● Task instructions
Dropping every picture, set down exactly the lines in the entries below, starting with the line with "Exclusivo Triplex 4" and going on through the line with "Zambezi Ultima Inn".

Crawled caption data:
= = = = = = =

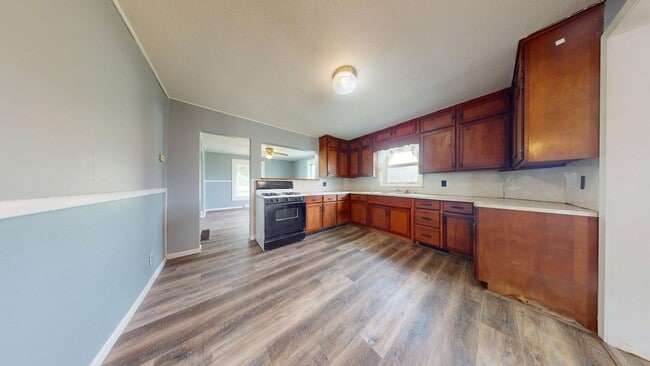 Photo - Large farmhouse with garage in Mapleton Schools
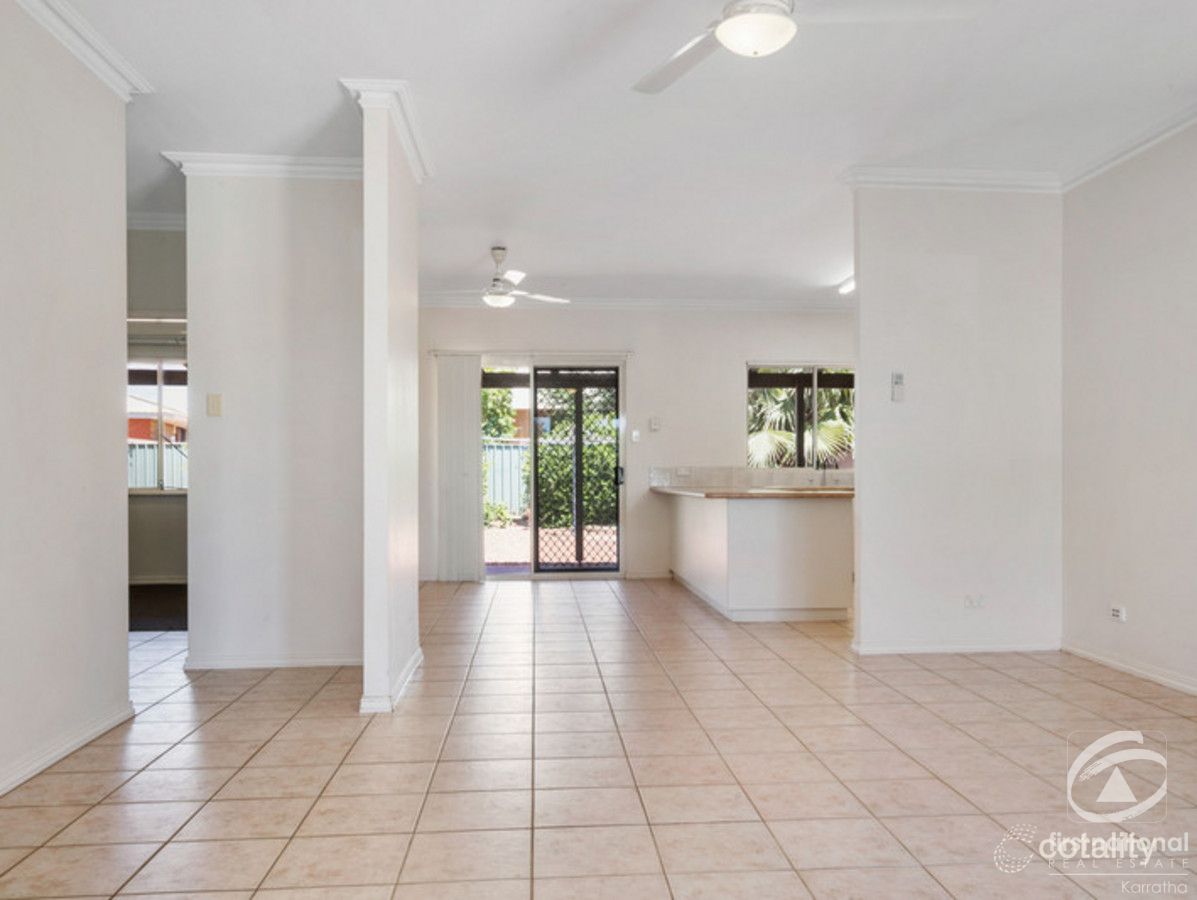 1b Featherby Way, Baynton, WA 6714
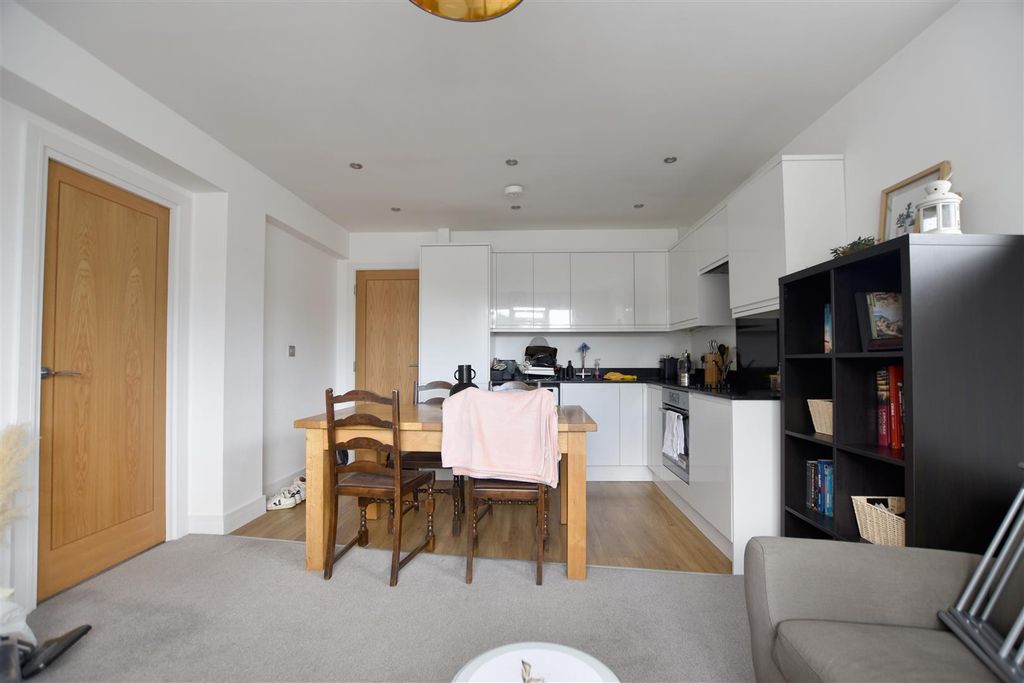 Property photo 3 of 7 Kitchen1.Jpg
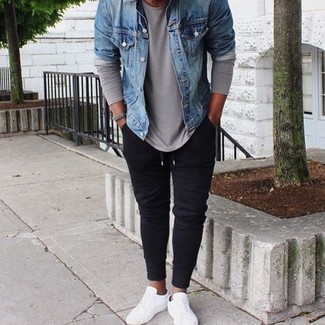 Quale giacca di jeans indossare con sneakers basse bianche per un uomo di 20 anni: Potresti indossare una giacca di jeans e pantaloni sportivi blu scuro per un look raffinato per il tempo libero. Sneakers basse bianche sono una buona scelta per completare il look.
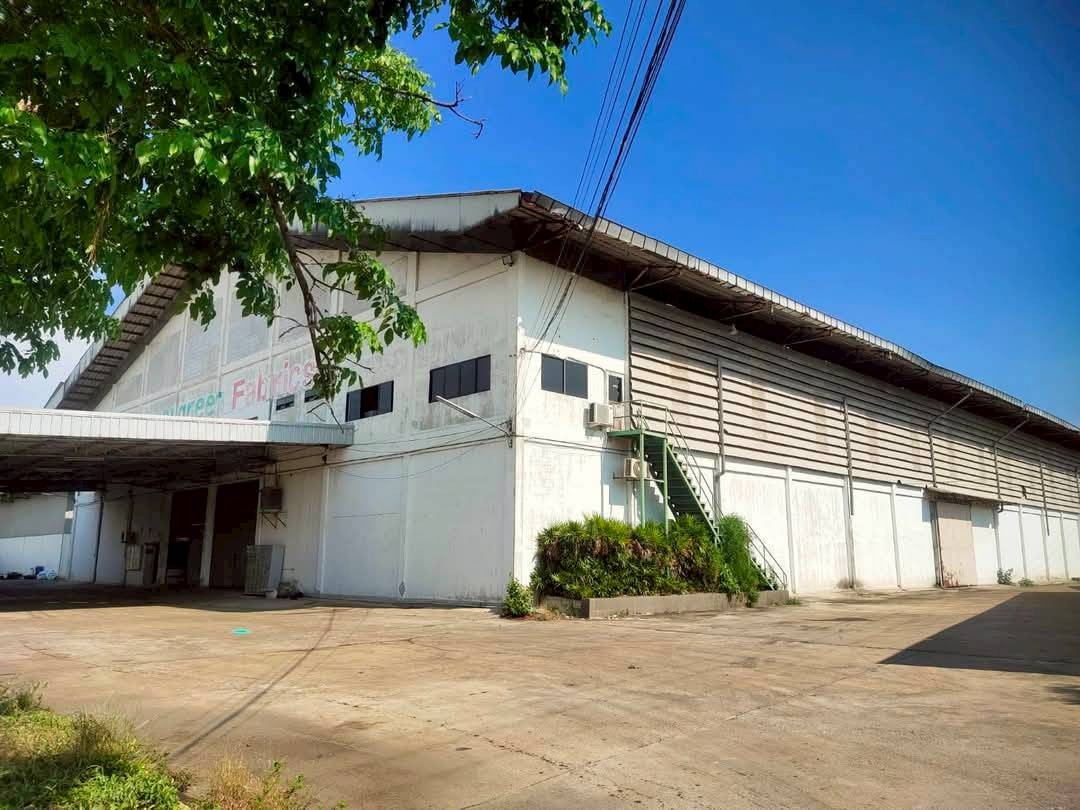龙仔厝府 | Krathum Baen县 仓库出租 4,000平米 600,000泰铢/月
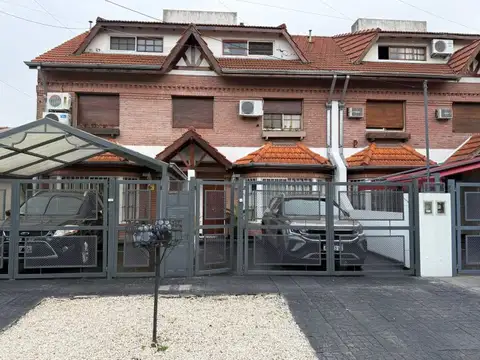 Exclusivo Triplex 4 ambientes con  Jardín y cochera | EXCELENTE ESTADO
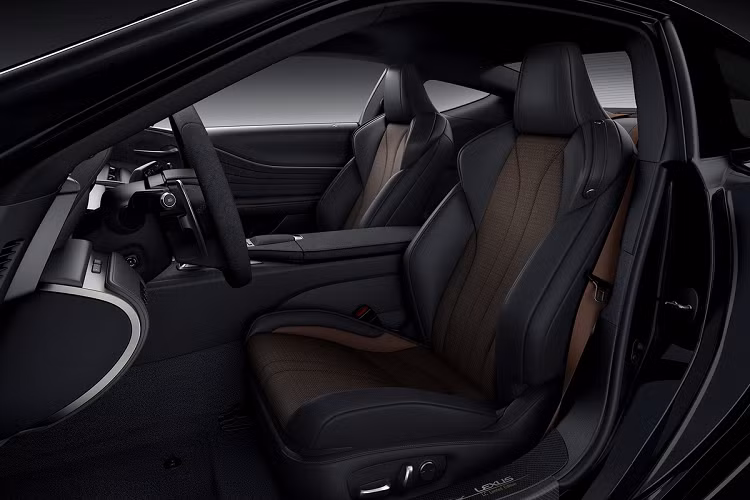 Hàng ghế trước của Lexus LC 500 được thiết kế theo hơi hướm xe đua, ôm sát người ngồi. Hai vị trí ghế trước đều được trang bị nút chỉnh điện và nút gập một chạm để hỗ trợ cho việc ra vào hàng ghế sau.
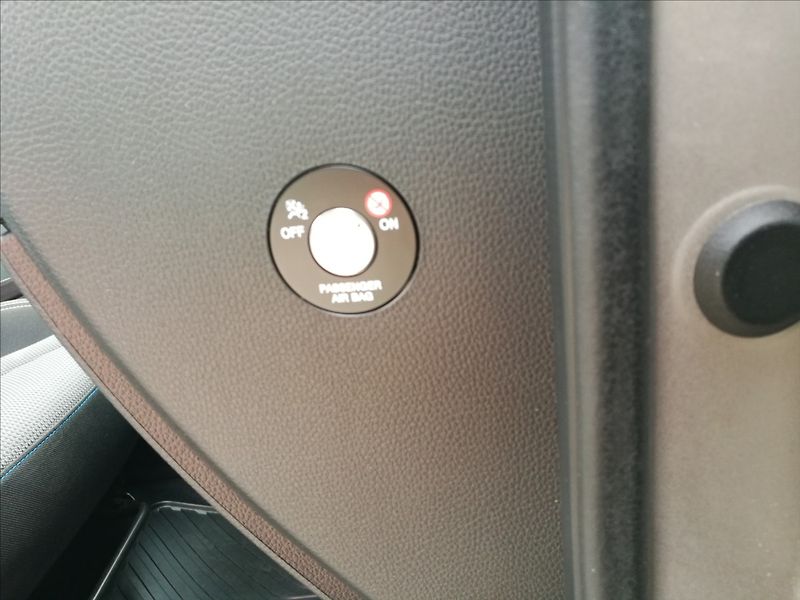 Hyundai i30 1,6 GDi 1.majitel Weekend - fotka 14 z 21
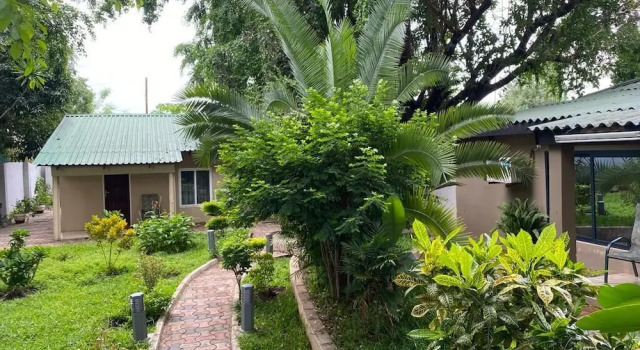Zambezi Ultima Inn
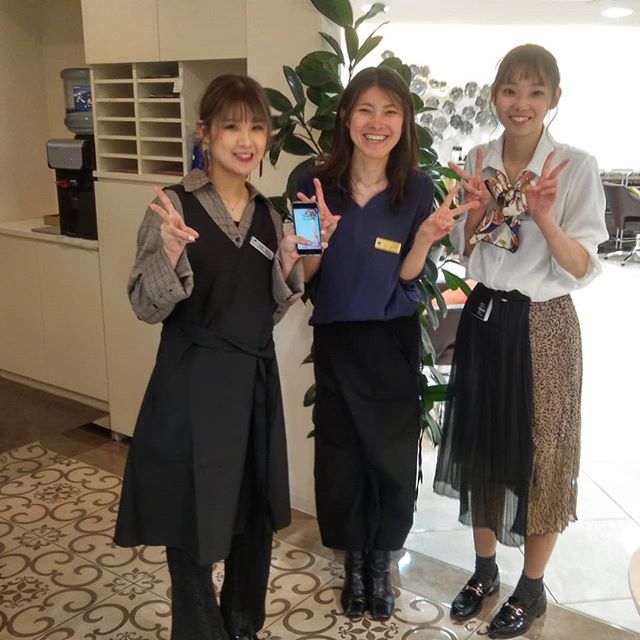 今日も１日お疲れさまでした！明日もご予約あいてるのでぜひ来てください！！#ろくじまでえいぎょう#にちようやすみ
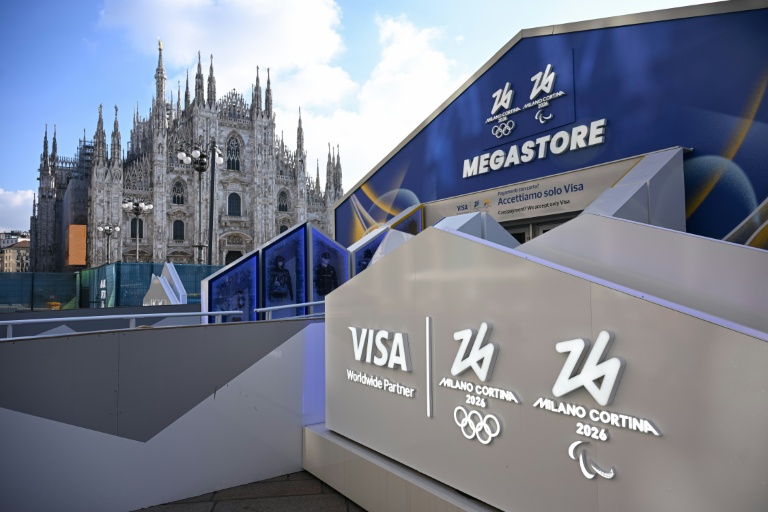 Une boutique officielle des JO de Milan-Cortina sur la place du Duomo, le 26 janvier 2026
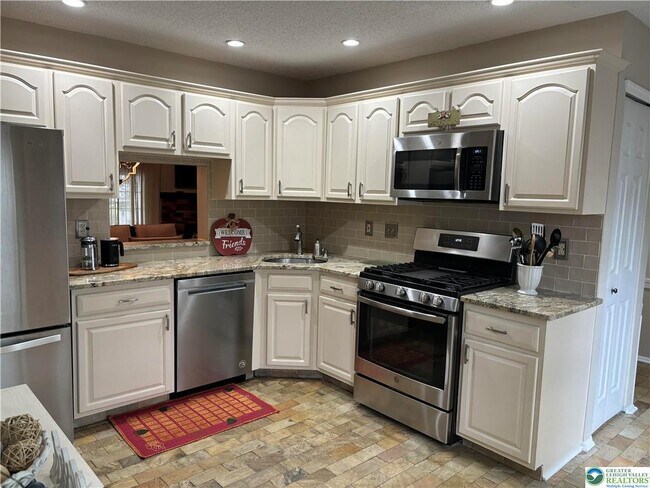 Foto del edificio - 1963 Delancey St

= = = = = = =

● Solution for this exercise
 Exclusivo Triplex 4 ambientes con  Jardín y cochera | EXCELENTE ESTADO
 Hàng ghế trước của Lexus LC 500 được thiết kế theo hơi hướm xe đua, ôm sát người ngồi. Hai vị trí ghế trước đều được trang bị nút chỉnh điện và nút gập một chạm để hỗ trợ cho việc ra vào hàng ghế sau.
 Hyundai i30 1,6 GDi 1.majitel Weekend - fotka 14 z 21
Zambezi Ultima Inn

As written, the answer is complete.